===== Extracted entries
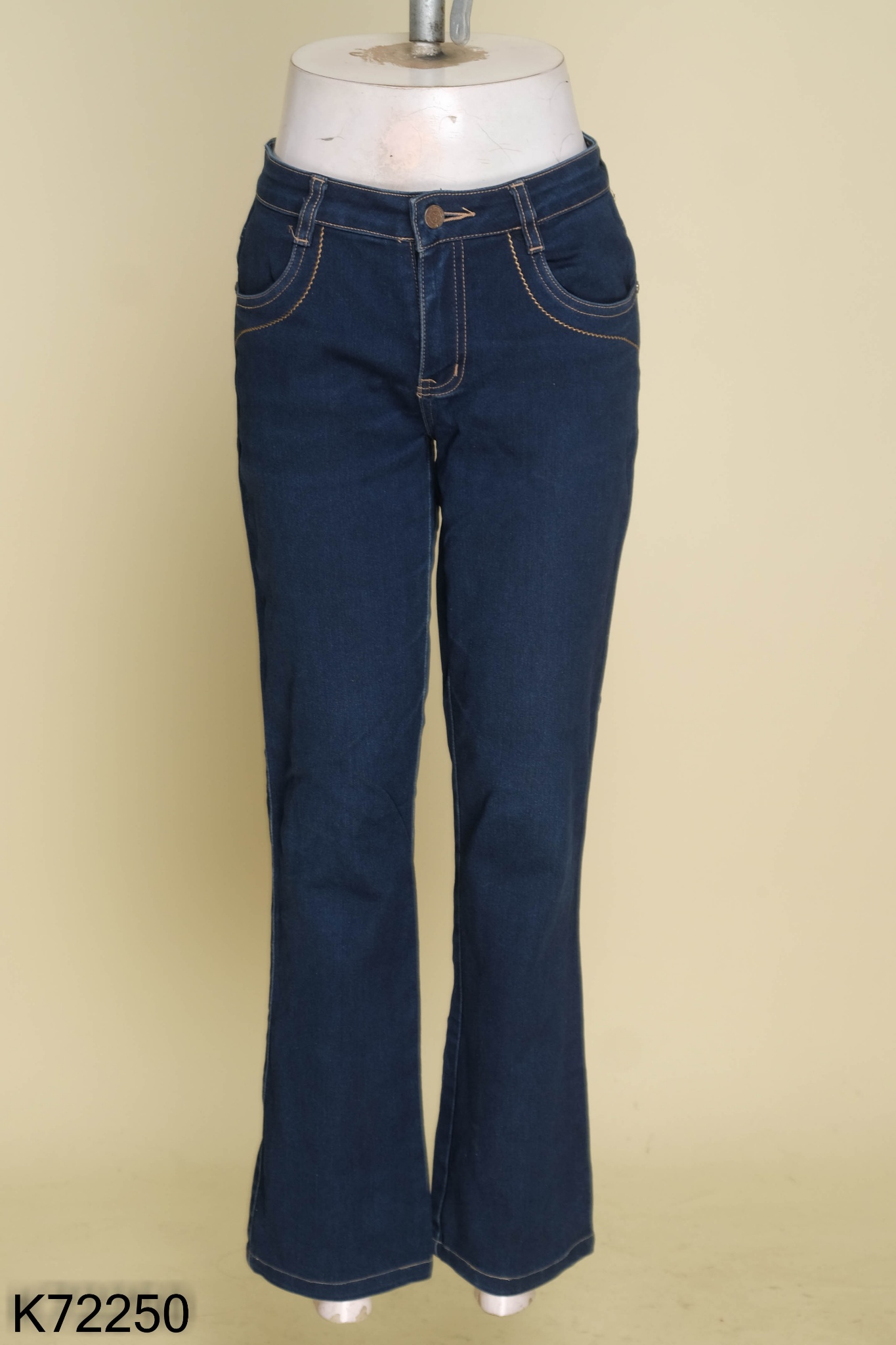 Quần jeans trơn xanh đậm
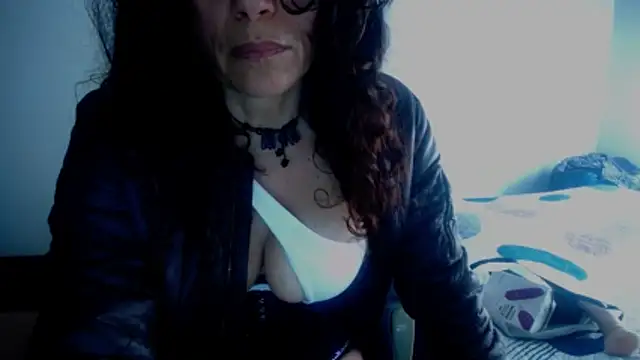 fenix colette online show from March 2026 09:05:02 PM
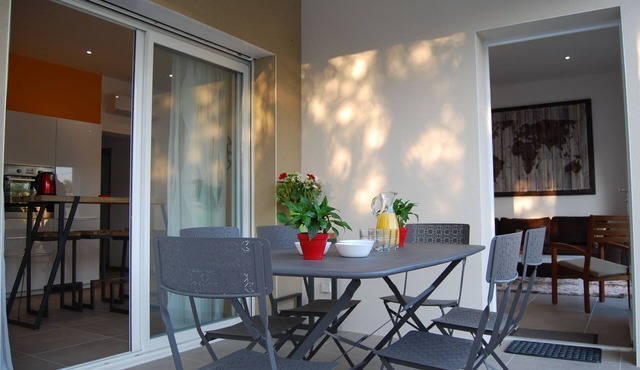 Pretty house with jacuzzi 100 m2 + garage. 3 ch 8 people 200 m from the beach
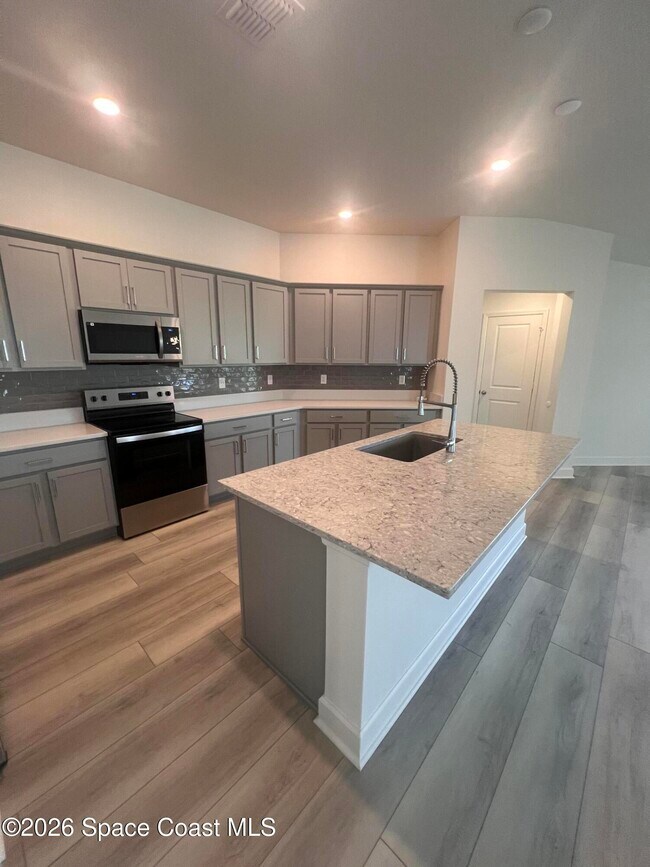 Foto del edificio - 715 Hatton Ln SE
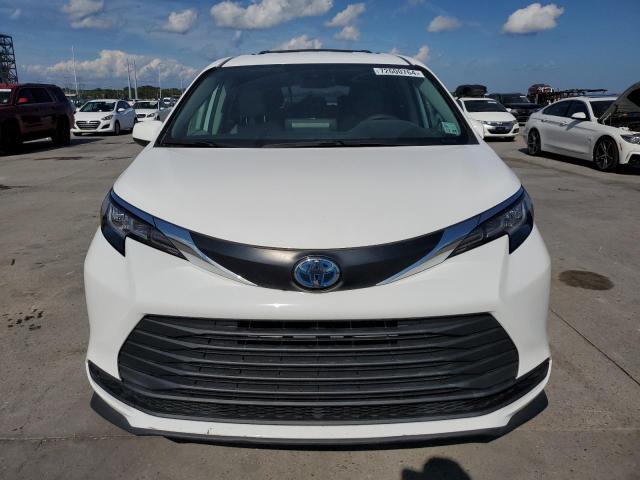 Photo 4 VIN: 5TDKRKEC5NS129725 - TOYOTA SIENNA LE 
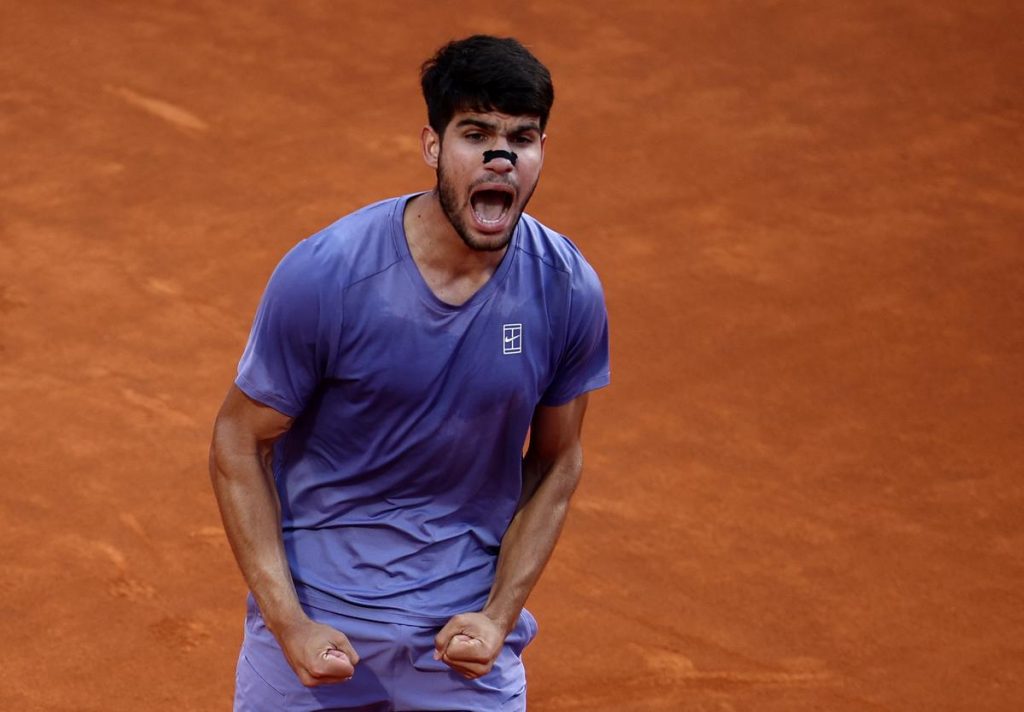 Italian Open Final: Carlos Alcaraz blitzes second set to down home favourite Jannik Sinner Italian Open Final: Carlos Alcaraz blitzes second set to down home favourite Jannik Sinner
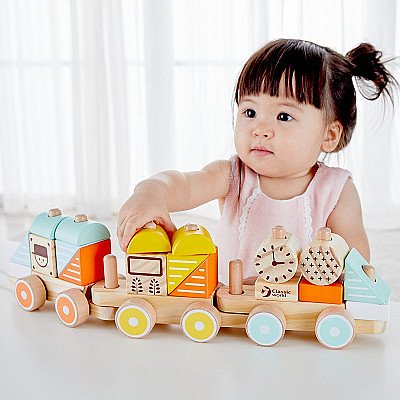 Koka bērnu rotaļu vilcieniņš no klucīšiem 19 gabali Classic World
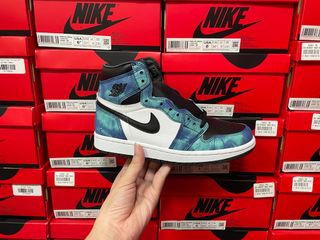 (Category: ) located in . Submitted by solekickssg (Listing ID 1415651778, Image 1). Description: .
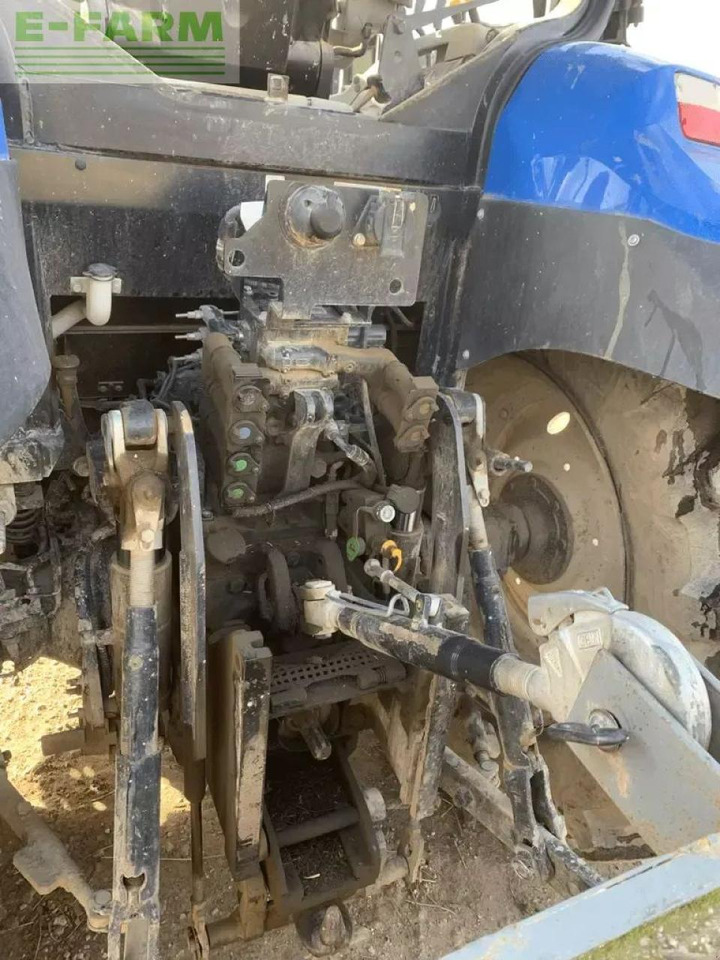 New Holland t6.125 electrocommand t4b - Tractor agricol: Foto 3 New Holland t6.125 electrocommand t4b - Tractor agricol: Foto 3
==========
Exercise brief >> Reproduce all entries without any change, and omit the pictures.

Response area >>
 Quần jeans trơn xanh đậm
 fenix colette online show from March 2026 09:05:02 PM
 Pretty house with jacuzzi 100 m2 + garage. 3 ch 8 people 200 m from the beach
 Foto del edificio - 715 Hatton Ln SE
 Photo 4 VIN: 5TDKRKEC5NS129725 - TOYOTA SIENNA LE 
 Italian Open Final: Carlos Alcaraz blitzes second set to down home favourite Jannik Sinner Italian Open Final: Carlos Alcaraz blitzes second set to down home favourite Jannik Sinner
 Koka bērnu rotaļu vilcieniņš no klucīšiem 19 gabali Classic World
 (Category: ) located in . Submitted by solekickssg (Listing ID 1415651778, Image 1). Description: .
 New Holland t6.125 electrocommand t4b - Tractor agricol: Foto 3 New Holland t6.125 electrocommand t4b - Tractor agricol: Foto 3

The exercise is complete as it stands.